Sparse Training Acceleration

Sparse Training Acceleration

Overview

Deep learning training often involves tens of thousands or millions of iterations, introducing significant computational redundancy. Based on network augmentation principles and combined with parameter inheritance methods, this algorithm provides width-level and depth-level network augmentation capabilities to handle different deployment scenarios.

Function

Width-Augmented Model Sparse Training Acceleration

Basic Workflow

  • After initializing the model and the optimizer, use sparse_model_width to wrap both components for sparse training execution:
from msmodelslim.pytorch.sparse import sparse_model_width

model = sparse_model_width(model, optimizer, steps_per_epoch=100, epochs_each_stage=[10, 20, -1])

API Description

  • sparse_model_width provides the following external interface parameters:
  • model: initialized PyTorch model instance.
  • optimizer: initialized PyTorch optimizer instance.
  • steps_per_epoch: iterations required for a single epoch. The value is an int, matching the dataset batch length (typically len(train_loader)).
  • epochs_each_stage: epoch count for each sparsification phase. The value is a list (such as [10, 20, -1] for a three-phase workflow).
    • Phase 1: The original model is pruned to an initial 1/4 scale and trained for 10 epochs.
    • Phase 2: The initial model is expanded by a factor of 2 and trained for 20 epochs.
    • Phase 3: An epoch count of -1 specifies that training continues until total execution completes. The initial model is expanded by a factor of 4, restoring it to the original model size.

Sample

import os
import torch
import torch_npu
import apex
from torch import nn
from apex import amp

from ascend_utils.common.utils import count_parameters
from msmodelslim.pytorch import sparse

device = torch.device("npu:{}".format(os.getenv('DEVICE_ID', 0)))
torch.npu.set_device(device)

model = nn.Sequential(
  nn.Conv2d(3, 32, 1, 1, bias=False),
  nn.Sequential(nn.Conv2d(32, 64, 1, 1, bias=False), nn.BatchNorm2d(64), nn.Conv2d(64, 32, 1, 1, bias=False)),
  nn.Sequential(nn.Conv2d(32, 64, 1, 1, bias=False), nn.BatchNorm2d(64), nn.Conv2d(64, 32, 1, 1, bias=False)),
  nn.Sequential(nn.Conv2d(32, 64, 1, 1, bias=False), nn.BatchNorm2d(64), nn.Conv2d(64, 32, 1, 1, bias=False)),
  nn.Sequential(nn.Conv2d(32, 64, 1, 1, bias=False), nn.BatchNorm2d(64), nn.Conv2d(64, 32, 1, 1, bias=False)),
  nn.AdaptiveAvgPool2d(1),
  nn.Flatten(),
  nn.Linear(32, 10, bias=False),
).to(device)

optimizer = apex.optimizers.NpuFusedSGD(model.parameters(), lr=0.1)

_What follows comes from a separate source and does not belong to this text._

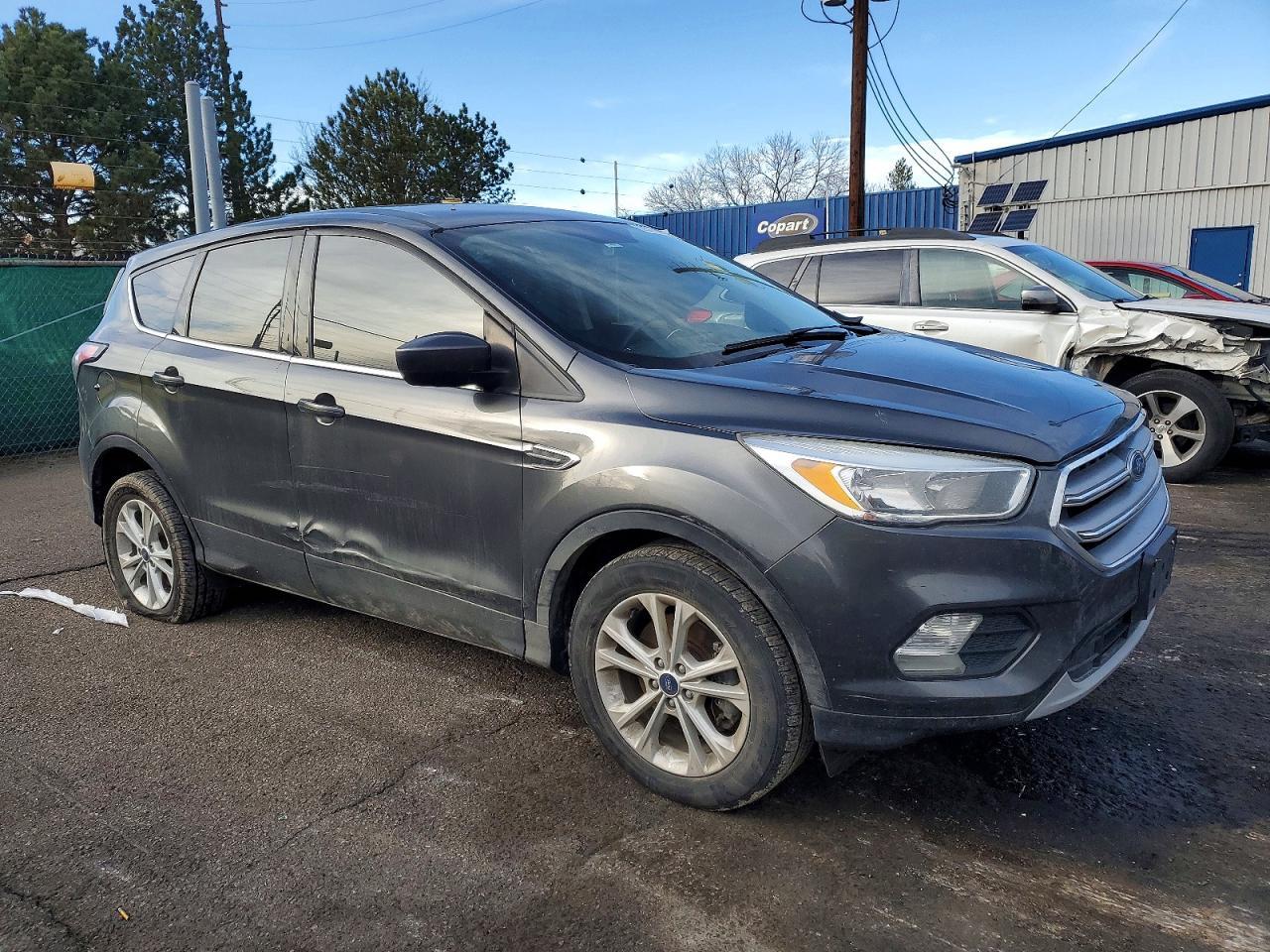 2017 Ford Escape Se - Image 4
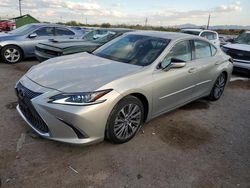 Salvage cars for sale at Tucson, AZ auction: 2019 Lexus ES 350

steps_per_epoch, epochs_each_stage = 10, [2, 3, 1]
original_model_params = count_parameters(model)  # 10826
model, optimizer = apex.amp.initialize(model, optimizer, opt_level="O2", combine_grad=False)

# Add width-level sparse training wrapper
model = sparse.sparse_model_width(
  model, optimizer, steps_per_epoch=steps_per_epoch, epochs_each_stage=epochs_each_stage
)

# Execute model training
for _ in range(steps_per_epoch * sum(epochs_each_stage)):
  optimizer.zero_grad()
  output = model(torch.ones([1, 3, 32, 32]).npu())
  loss = torch.mean(output)
  with amp.scale_loss(loss, optimizer) as scaled_loss:
      scaled_loss.backward()
  optimizer.step()

Depth-Augmented Model Sparse Training Acceleration

Basic Workflow

  • After initializing the model and the optimizer, use sparse_model_depth to wrap both components for sparse training execution:
from msmodelslim.pytorch.sparse import sparse_model_depth

model = sparse_model_depth(model, optimizer, steps_per_epoch=100, epochs_each_stage=[10, 20, -1])

API Description

  • sparse_model_depth provides the following external interface parameters:
  • model: initialized PyTorch model instance.
  • optimizer: initialized PyTorch optimizer instance.
  • steps_per_epoch: iterations required for a single epoch. The value is an int, matching the dataset batch length (typically len(train_loader)).
  • epochs_each_stage: epoch count for each sparsification phase. The value is a list (such as [10, 20, -1] for a three-phase workflow).
    • Phase 1: The original model is pruned to an initial 1/4 scale and trained for 10 epochs.
    • Phase 2: The initial model is expanded by a factor of 2 and trained for 20 epochs.
    • Phase 3: An epoch count of -1 specifies that training continues until total execution completes. The initial model is expanded by a factor of 4, restoring it to the original model size.

Sample

  • To execute depth-augmented sparse training, substitute the sparse_model_width API call inside the Width-Augmented Model Code Sample block with the sparse_model_depth.